CEOs: COVID, skills shortages hampering growth in 2022

Supply chains disruptions are also expected to hit the nation this year

CEOs: COVID, skills shortages hampering growth in 2022

Australia's business leaders have revealed they’re expecting COVID-19 and skills shortage to be the major inhibitors of their companies' growth this 2022, according to the Australian CEO survey 2022. The survey showed that 79% of chief executive officers are anticipating further disruptions this year, with almost half of them saying COVID will be the leading inhibitor to growth.

Skills shortages also emerged as the third most nominated inhibitor for business growth this year, according to the survey, which revealed that 73% of CEOs are anticipating hardships in finding and retaining talent this year. The said problem reflects the ongoing staff shortages in Australia, exacerbated by the outbreak of the Omicron variant. As a result, it disrupted supply chains amid the absences of essential workers who fell ill or became close contacts to the virus.

Such disruptions in the supply chains are also expected by CEOs this year, with only 17% expecting improvement and 31% saying it will be no different from the turmoil last year.

"Business leaders expect further disruption from COVID-19 and they expect to face additional supply chain interruptions and challenges as well as intensifying skill shortages across a wide range of occupations," said Innes Willox, chief executive of the Australian Industry Group.

To address the problem on supply chains, the report revealed that business leaders are now focusing on changing inventory practices and supply arrangements. Companies are also looking to invest in staff training and development.  They are also optimistic on that ground, according to the report, as the number of business leaders expecting to increase their workforce is over twice larger than the "share their expectation of employee numbers to fall in the year ahead."

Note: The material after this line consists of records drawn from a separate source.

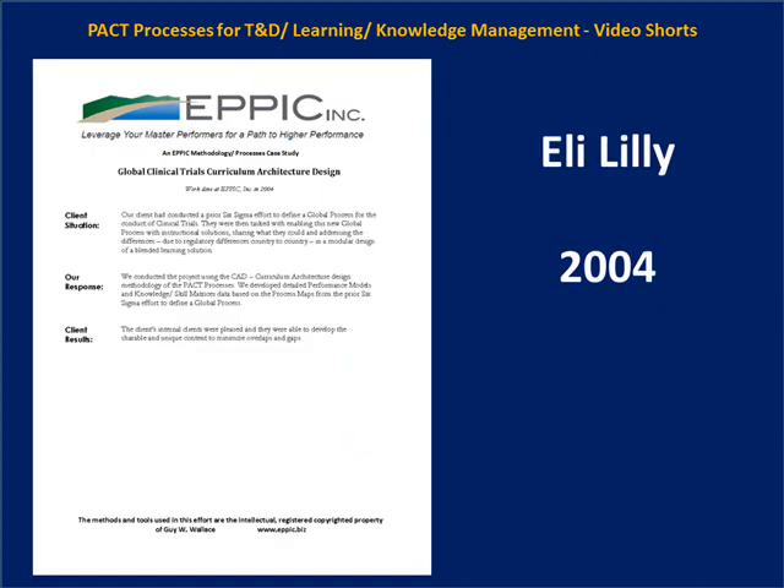In 2004, I did a project for Eli Lilly that followed on a Six Sigma effort. That Six Sigma effort had generated a vast amount of data to commonize processes for global clinical trials across all countries the organization operated in, but it did not generate enough detailed data about the enabling knowledge and skills performers would require. We took it one step further to identify the micro-tasks people would need to perform in these new common processes, derive the enabling knowledge and skills, and build content to support that.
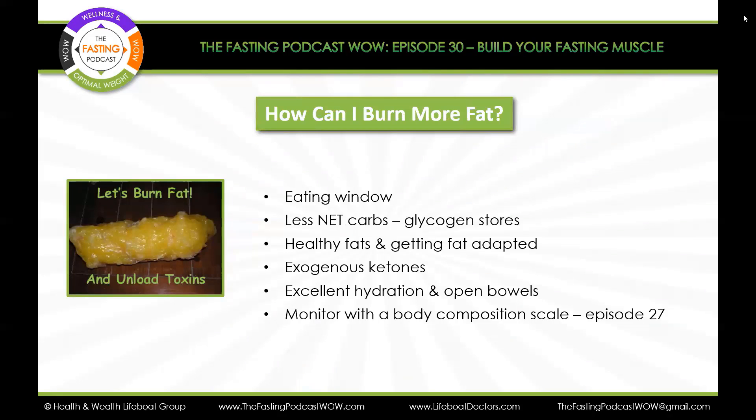There's also something called exogenous ketones, mentioned in Episode 15 under the other tools category. Exogenous ketones are things you eat or drink that can all-naturally provide ketones — the moment they're in your body, they're ready to start functioning as ketones, servicing the body for energy with more efficient fuel. That's a great tool to check out. Also maintain excellent hydration and open bowels. If you want to be burning more fat, monitor with the body composition scale — we talked about nothing but the body composition scale in Episode 27 — and check out Episode 28 on how to know if you're burning fat.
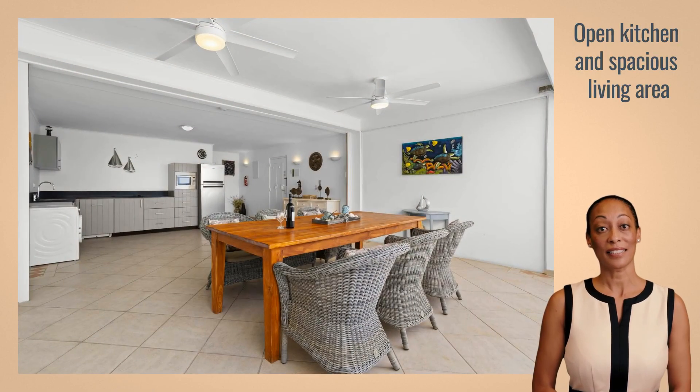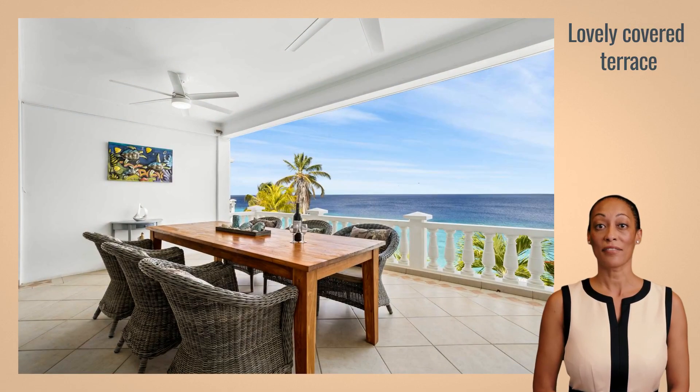The open kitchen blends seamlessly with the living area and is equipped with modern appliances. The large terraces on the third floor offer stunning sea views.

Read more: CEOs get hefty pay despite pandemic slump: report

What should HR leaders do?

Megan Lilly, executive director for education and training for the Australian Industry Group, previously spoke with HRD on the topic of significant shortage in skilled labour. Lilly said the problem has already existed even without Omicron, citing the lack of skilled migration, international students, backpackers, and other workers.

According to the director, the problem should not be looked at as a "supply and demand mismatch," before recommending that better investment and skill development of local talent should be a must to companies.

“It’s estimated that over the next few years, Australia will need approximately 11,000 new engineers annually, which is around 2,400 more than the domestic undergraduate engineering completions each year,” added Lilly. “Some of this shortfall usually comes from the more than 6,000 overseas undergraduate engineering students who graduate each year and who are able to work for two years in Australia. It is an imperative to continuously develop those currently in employment, the existing workforce. This will need to be an ongoing effort, be work-based, and industry-led.”